ISRAEL:AFTER A six-hour deliberation, the Israeli government voted yesterday to approve a prisoner swap deal with Hizbullah whereby Israel will release five Lebanese prisoners, including one serving a life sentence for killing a father and his daughter three decades ago, in exchange for two Israeli soldiers seized by Hizbullah and who are believed dead.
The 22-3 vote in the cabinet in favour of the German-mediated deal is likely to set in motion a series of steps, including identification of the Israeli soldiers and culminating in an exchange that is expected to take place within 10 to 14 days.
During the cabinet debate, prime minister Ehud Olmert for the first time announced that the two soldiers, Ehud Goldwasser and Eldad Regev, were dead.
"We know what happened to them," Mr Olmert told ministers, according to comments released by his office. "As far as we know, the soldiers . . . are not alive."
The two soldiers were abducted by Hizbullah during a cross-border raid two years ago in which three Israeli soldiers were also killed.
The attack was the prelude to a month of warfare between Israel and Hizbullah in which about 1,200 Lebanese and about 159 Israelis were killed.
As part of the deal, Israel will return four Hizbullah fighters captured during the fighting, the bodies of some 10 Hizbullah members killed during the clashes, and Samir Kuntar, the longest-serving Lebanese prisoner in Israel.
After infiltrating northern Israel in 1979 as part of a four-man cell, Kuntar killed a policeman and then shot 28-year-old Dani Haran and smashed the head of his four-year-old daughter with the butt of his rifle, killing her.
In an attempt to keep her hideout secret from Kuntar's group, which had entered their apartment, Haran's wife Yael accidentally suffocated her two-year-old daughter as she tried to stop her from crying.
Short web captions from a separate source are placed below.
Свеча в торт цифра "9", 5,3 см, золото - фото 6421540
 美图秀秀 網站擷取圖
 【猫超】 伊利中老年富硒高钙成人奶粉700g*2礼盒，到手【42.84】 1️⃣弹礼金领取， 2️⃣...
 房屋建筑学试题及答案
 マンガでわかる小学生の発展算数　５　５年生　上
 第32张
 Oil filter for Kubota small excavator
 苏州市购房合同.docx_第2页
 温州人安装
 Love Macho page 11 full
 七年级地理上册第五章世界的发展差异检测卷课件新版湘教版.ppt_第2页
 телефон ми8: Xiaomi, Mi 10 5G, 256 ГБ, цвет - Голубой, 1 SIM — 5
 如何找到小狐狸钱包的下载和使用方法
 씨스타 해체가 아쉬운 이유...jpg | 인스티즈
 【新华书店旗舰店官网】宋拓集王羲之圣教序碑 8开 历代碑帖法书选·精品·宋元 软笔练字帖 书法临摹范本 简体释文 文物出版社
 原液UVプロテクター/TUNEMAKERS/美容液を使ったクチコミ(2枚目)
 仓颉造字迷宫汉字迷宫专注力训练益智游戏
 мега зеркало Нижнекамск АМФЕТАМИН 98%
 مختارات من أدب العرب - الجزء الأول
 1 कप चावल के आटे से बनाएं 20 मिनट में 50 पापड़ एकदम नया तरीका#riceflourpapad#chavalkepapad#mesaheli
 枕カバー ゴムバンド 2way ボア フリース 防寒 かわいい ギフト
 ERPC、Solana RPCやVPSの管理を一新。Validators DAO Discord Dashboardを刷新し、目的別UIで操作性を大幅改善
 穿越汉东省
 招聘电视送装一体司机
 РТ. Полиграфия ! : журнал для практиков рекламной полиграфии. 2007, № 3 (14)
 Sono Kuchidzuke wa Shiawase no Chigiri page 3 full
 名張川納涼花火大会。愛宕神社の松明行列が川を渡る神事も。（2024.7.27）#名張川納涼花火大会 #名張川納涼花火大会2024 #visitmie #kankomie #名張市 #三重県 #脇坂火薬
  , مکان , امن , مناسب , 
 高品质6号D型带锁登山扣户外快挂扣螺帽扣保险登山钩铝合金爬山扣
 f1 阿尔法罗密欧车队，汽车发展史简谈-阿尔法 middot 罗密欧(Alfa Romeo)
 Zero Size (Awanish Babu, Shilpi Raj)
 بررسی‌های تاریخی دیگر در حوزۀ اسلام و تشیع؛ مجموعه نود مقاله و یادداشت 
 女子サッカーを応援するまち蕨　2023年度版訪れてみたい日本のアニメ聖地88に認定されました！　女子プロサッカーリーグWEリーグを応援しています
Kuntar was later given four life sentences.
The release of living Lebanese prisoners for dead Israeli soldiers has sparked some criticism in Israel.
Opponents of the deal say it will lessen the incentive to keep Israeli captives alive.
But supporters of the deal argued that Israel had a moral obligation to return captives, dead or alive, and that this was a vital message for Israeli soldiers being sent into battle. "I am the commander of everyone - of the living and of the dead," chief of staff Gabi Ashkenazi, who supported the deal, reportedly told ministers.
Israel yesterday reopened three border crossings into Gaza, renewing the flow of goods into the coastal strip.
It had closed the crossings last week after Palestinian militants fired several rockets into Israel, violating a truce that went into effect 10 days ago.